El segundo concierto fue ofrecido por KANTAKA Abesbatza, bajo la dirección de Javier Alberdi.
Para cerrar el ciclo actuaron los propios organizadores, MARIAREN BIHOTZA Abesbatza y EMEBE Txiki.
LARTAUN Abesbatza presentó un programa muy variado, con música religiosa, romántica y festiva de compositores de distintas nacionalidades, entre ellos Román Hurko, Joseph Rheinberger y Xabier Sarasola.

El concierto tuvo una duración aproximada de sesenta minutos. Ante los aplausos de un público no muy numeroso, pero entusiasmado por la calidad demostrada, el coro ofreció dos obras más como propina.
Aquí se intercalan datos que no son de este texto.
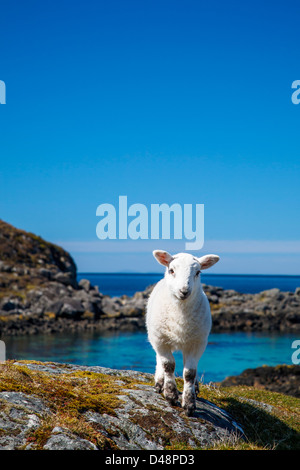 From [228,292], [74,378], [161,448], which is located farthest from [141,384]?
[228,292]

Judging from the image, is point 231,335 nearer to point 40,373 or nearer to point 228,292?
point 228,292

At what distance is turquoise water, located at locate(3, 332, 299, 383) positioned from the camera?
63.1 meters

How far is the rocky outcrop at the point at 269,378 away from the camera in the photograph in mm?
44978

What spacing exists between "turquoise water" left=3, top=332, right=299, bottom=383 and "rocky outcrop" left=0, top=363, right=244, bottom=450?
44.7 metres

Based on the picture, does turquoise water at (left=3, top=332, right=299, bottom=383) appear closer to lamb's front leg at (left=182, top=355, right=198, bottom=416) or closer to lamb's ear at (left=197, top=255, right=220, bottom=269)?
lamb's front leg at (left=182, top=355, right=198, bottom=416)

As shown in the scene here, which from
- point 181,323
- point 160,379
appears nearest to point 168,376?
point 160,379

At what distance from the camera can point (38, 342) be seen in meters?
74.7

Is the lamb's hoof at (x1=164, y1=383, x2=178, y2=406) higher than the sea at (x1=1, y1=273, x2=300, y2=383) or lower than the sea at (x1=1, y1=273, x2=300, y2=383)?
higher

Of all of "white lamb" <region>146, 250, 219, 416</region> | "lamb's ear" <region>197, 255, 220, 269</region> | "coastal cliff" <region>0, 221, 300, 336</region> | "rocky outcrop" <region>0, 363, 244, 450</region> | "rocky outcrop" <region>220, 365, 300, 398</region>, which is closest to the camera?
"rocky outcrop" <region>0, 363, 244, 450</region>

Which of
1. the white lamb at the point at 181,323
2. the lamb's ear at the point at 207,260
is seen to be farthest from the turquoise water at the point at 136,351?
the lamb's ear at the point at 207,260

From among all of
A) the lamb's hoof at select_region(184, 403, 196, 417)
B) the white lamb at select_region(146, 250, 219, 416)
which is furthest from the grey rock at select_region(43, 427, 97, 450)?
the white lamb at select_region(146, 250, 219, 416)

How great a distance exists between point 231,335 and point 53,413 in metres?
84.2

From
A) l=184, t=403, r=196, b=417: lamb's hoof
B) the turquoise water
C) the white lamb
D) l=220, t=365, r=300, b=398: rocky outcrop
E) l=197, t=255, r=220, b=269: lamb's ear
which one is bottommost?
the turquoise water

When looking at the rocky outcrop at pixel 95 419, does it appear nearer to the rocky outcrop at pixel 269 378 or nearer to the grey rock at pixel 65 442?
the grey rock at pixel 65 442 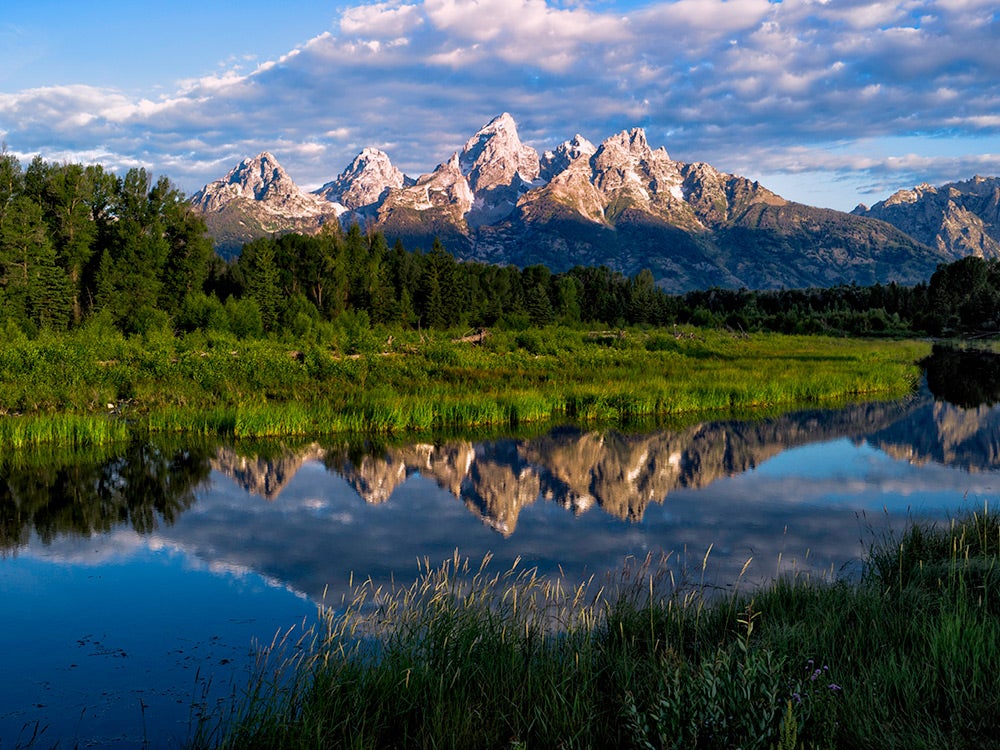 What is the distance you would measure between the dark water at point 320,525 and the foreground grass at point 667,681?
2008 millimetres

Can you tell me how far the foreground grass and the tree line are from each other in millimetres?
44943

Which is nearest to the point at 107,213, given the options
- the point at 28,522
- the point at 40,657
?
the point at 28,522

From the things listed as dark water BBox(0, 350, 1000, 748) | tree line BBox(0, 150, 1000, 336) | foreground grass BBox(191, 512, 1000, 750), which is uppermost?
tree line BBox(0, 150, 1000, 336)

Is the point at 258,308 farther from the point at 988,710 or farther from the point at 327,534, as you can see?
the point at 988,710

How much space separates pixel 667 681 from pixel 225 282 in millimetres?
72115

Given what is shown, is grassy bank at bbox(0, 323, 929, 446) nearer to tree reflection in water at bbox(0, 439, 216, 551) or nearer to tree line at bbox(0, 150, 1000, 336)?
tree reflection in water at bbox(0, 439, 216, 551)

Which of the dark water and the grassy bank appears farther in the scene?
the grassy bank

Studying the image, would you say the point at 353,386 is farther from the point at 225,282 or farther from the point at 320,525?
the point at 225,282

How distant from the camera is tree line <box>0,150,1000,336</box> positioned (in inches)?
2004

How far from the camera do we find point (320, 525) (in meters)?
15.8

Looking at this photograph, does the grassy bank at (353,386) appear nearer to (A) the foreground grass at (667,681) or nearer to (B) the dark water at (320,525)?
(B) the dark water at (320,525)

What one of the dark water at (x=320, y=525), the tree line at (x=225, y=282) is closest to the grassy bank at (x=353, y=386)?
the dark water at (x=320, y=525)

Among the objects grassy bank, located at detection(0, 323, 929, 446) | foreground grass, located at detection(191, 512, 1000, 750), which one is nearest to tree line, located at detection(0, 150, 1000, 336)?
grassy bank, located at detection(0, 323, 929, 446)

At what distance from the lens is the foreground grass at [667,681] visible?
231 inches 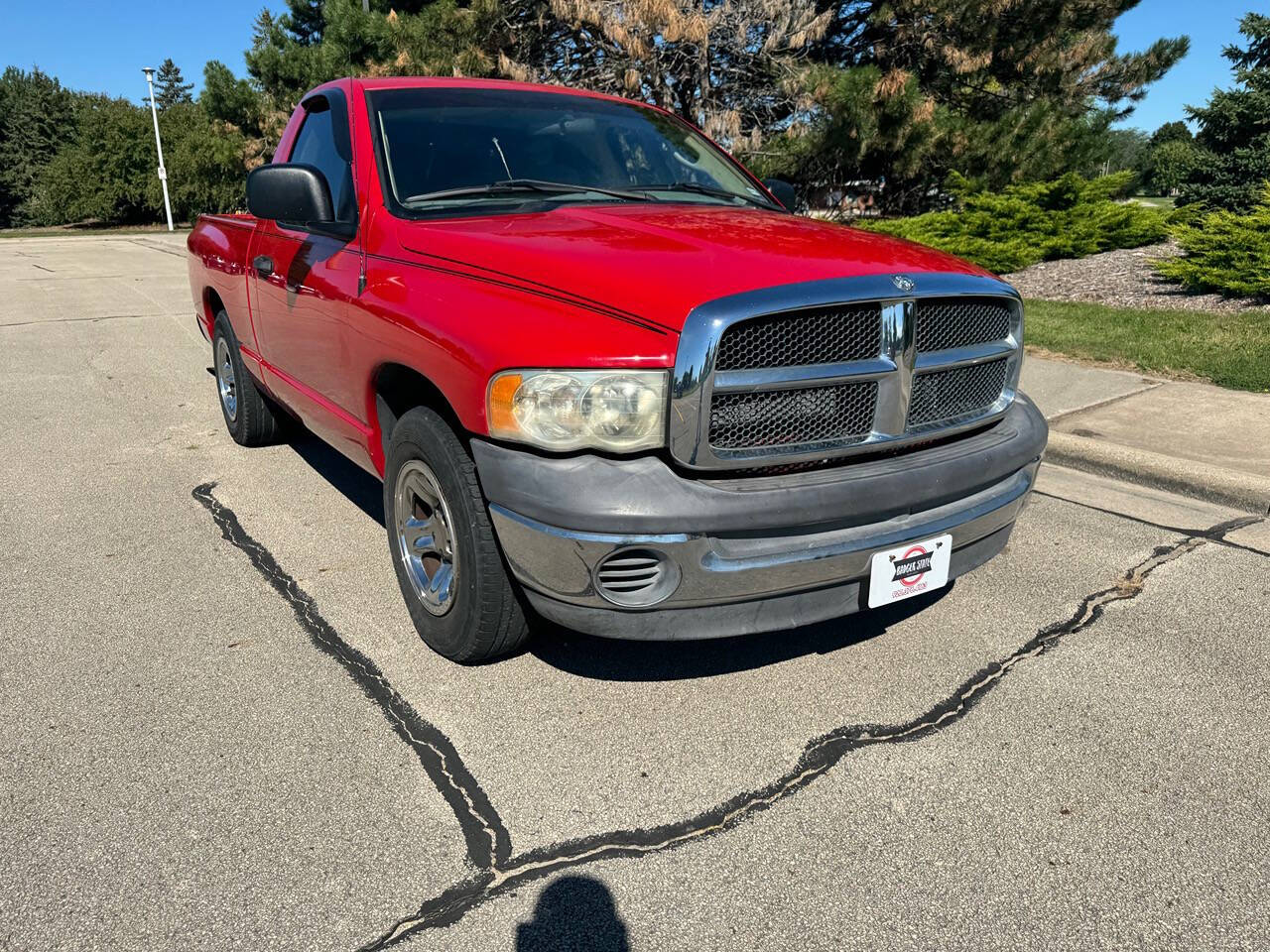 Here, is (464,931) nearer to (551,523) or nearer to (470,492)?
(551,523)

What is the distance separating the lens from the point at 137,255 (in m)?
22.5

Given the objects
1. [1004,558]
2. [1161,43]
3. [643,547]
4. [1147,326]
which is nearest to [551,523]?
[643,547]

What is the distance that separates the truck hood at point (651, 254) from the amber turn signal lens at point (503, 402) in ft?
0.93

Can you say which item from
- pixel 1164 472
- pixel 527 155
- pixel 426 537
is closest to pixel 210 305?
pixel 527 155

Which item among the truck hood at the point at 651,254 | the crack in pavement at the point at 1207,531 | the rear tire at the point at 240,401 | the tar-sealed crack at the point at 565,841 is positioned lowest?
the tar-sealed crack at the point at 565,841

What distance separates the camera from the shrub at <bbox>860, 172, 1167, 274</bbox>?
11531 mm

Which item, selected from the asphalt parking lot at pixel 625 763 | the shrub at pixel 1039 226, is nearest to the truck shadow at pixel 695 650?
the asphalt parking lot at pixel 625 763

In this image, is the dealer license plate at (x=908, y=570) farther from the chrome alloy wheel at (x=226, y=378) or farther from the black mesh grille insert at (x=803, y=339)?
the chrome alloy wheel at (x=226, y=378)

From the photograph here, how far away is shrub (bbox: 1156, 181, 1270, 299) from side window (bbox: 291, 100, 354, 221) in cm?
839

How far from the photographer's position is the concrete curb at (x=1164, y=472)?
185 inches

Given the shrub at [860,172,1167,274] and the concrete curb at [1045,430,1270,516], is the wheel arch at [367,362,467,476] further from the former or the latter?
the shrub at [860,172,1167,274]

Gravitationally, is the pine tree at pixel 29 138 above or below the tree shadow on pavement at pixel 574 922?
above

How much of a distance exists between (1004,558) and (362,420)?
2689mm

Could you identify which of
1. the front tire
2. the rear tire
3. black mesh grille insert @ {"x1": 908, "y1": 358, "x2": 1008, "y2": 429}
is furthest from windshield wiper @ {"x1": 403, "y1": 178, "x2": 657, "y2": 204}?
the rear tire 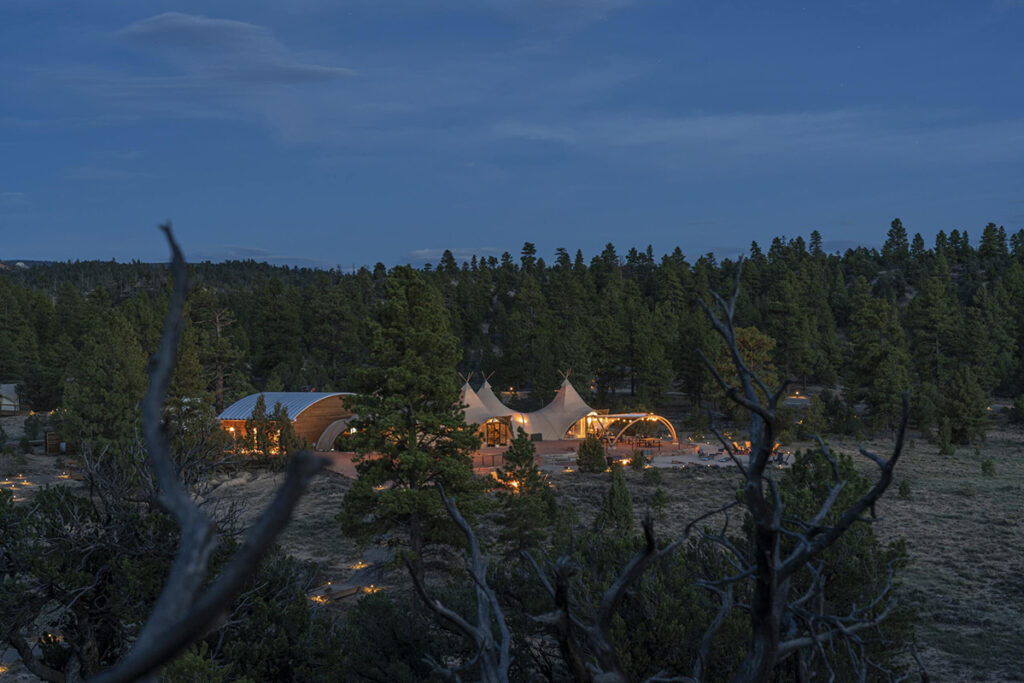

Tanto la formación como los solistas Maiana Belaunzaran y Martin Otazo recibieron una cálida ovación.
El segundo concierto, KANTAKA Abesbatza, comenzó con diversas piezas religiosas de autores como Aita Madina, Duruflé y Jenkins, en las que se pudo apreciar un excelente empaste de voces y una interpretación delicada y cuidada.
El programa continuó con una obra renacentista de Jacob Arcadelt y una original versión de «Amazing Grace», realizada por la estadounidense Jean Anne Shafferman sobre el célebre Canon de Pachelbel, resuelta con acierto por el director.

Posteriormente se rindió homenaje a la música argentina con dos obras: «Se equivocó la paloma» y el tango «El día que me quieras». El concierto llegó a su tramo final con dos composiciones vascas de Josu Elberdin y Xabier Sarasola.
Tanto el coro como su acompañante al piano fueron largamente aplaudidos por el centenar de asistentes.
Para cerrar el ciclo «Antton Sierra Oroituz» de este año, los organizadores, MARIAREN BIHOTZA Abesbatza, ofrecieron al público tres momentos bien diferenciados.
La primera actuación corrió a cargo de EMEBE Txikia, grupo formado por unos quince niños y niñas de entre seis y ocho años. Iniciaron el concierto interpretando cuatro breves obras, acompañados por un grupo de seis jóvenes instrumentistas y siguiendo con entusiasmo las indicaciones de su directora, Edurne Loyarte.


A continuación, los mayores tomaron el relevo junto al órgano Walcker, que lució en todo su esplendor acompañando las cuatro obras religiosas del programa. Seguidamente, Gerardo Rifón interpretó «Trumpet Voluntary», obteniendo del instrumento toda la brillantez que permite su profundo conocimiento de los registros.
Tras este interludio, el coro, ya situado en las gradas del altar, recordó a Aita Donostia con dos de sus conocidas obras de inspiración folclórica, poniendo así el broche final al concierto.
Las cerca de doscientas personas asistentes aplaudieron con entusiasmo al término de la actuación, como ya habían hecho durante el concierto, reconociendo el excelente trabajo del coro y de su director, Alain Ayerdi. Como propina interpretaron «Agur Jesusen Ama».